Supernus Faces Generic Competition as Third Parties File ANDA Challenges for ADHD Drug Qelbree

• Supernus Pharmaceuticals received Paragraph IV Notice Letters from third parties who submitted Abbreviated New Drug Applications (ANDAs) for generic versions of Qelbree (viloxazine extended-release capsules) in 100, 150, and 200 mg strengths.
• The company plans to vigorously enforce its intellectual property rights, with six issued U.S. patents covering Qelbree that expire between September 2029 and April 2035.
• This generic challenge represents a significant threat to Supernus's ADHD treatment franchise, as generic competition could substantially impact future revenue streams for the CNS-focused biopharmaceutical company.

Supernus Pharmaceuticals announced on May 28, 2025, that it received Paragraph IV Notice Letters from third parties indicating they have submitted Abbreviated New Drug Applications (ANDAs) for generic versions of Qelbree (viloxazine extended-release capsules) in 100, 150, and 200 mg base strengths. The development signals the beginning of potential generic competition for the company's ADHD treatment.

Patent Protection and Legal Response

Supernus stated it is currently reviewing the details of the Notice Letters and intends to vigorously enforce its intellectual property rights relating to Qelbree. The U.S. Food and Drug Administration's Orange Book currently lists six issued United States patents covering Qelbree, providing varying levels of protection through 2035.

The patent expiration timeline shows three patents expiring in September 2029, two patents expiring in February 2033, and one patent expiring in April 2035. This staggered patent protection structure could potentially delay generic entry depending on the outcome of any legal challenges.

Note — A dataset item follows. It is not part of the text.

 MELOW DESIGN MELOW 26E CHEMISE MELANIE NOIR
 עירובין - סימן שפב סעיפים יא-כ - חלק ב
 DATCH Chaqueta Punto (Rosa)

Company Portfolio and Market Position

Supernus Pharmaceuticals operates as a biopharmaceutical company focused on developing and commercializing products for central nervous system (CNS) diseases. The company's diverse neuroscience portfolio includes approved treatments for attention-deficit hyperactivity disorder (ADHD), dyskinesia in Parkinson's disease patients receiving levodopa-based therapy, hypomobility in Parkinson's disease, epilepsy, migraine, cervical dystonia, and chronic sialorrhea.

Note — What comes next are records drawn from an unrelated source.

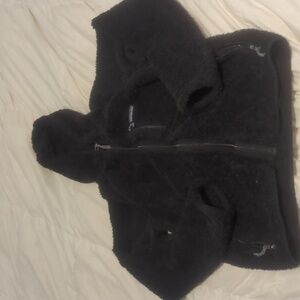 Patagonia Fleece Hoodie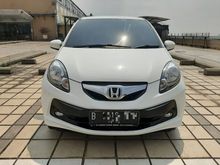 2013 Honda Brio 1.3 E Hatchback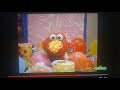 Crashes Elmo S World Birthdays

Beyond its current marketed products, Supernus is developing a broad range of novel CNS product candidates including new potential treatments for epilepsy, depression, and other CNS disorders.

Implications for Generic Competition

The Paragraph IV ANDA filings represent a direct challenge to Supernus's market exclusivity for Qelbree. Under U.S. pharmaceutical regulations, Paragraph IV certifications allow generic manufacturers to challenge existing patents before they expire, potentially enabling earlier market entry if the patents are successfully invalidated or found non-infringed.

The timing and outcome of any resulting patent litigation will be crucial for determining when generic competition may enter the market and impact Qelbree's commercial performance. Generic entry typically results in significant price erosion and market share loss for branded pharmaceutical products.